# What the task asks
Transcribe the data below verbatim from the line with "Sure Da. Slip" to the line with "Afbeelding van Hulweg 51-B - Derde foto". Include both of those lines.

# Data for review
******************************

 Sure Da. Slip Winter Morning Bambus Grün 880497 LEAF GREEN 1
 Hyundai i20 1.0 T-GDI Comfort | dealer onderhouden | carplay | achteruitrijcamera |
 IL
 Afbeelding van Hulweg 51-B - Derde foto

******************************

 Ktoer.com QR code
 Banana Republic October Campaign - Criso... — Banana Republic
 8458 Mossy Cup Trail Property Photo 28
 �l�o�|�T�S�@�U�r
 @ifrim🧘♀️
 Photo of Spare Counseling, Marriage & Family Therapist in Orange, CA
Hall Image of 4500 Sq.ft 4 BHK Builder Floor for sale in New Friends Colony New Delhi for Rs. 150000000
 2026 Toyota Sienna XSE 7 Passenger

******************************

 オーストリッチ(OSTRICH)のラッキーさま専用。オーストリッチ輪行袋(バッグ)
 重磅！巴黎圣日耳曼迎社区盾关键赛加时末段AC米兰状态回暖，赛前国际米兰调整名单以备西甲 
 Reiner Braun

******************************

# Completed exercise
 Sure Da. Slip Winter Morning Bambus Grün 880497 LEAF GREEN 1
 Hyundai i20 1.0 T-GDI Comfort | dealer onderhouden | carplay | achteruitrijcamera |
 IL
 Afbeelding van Hulweg 51-B - Derde foto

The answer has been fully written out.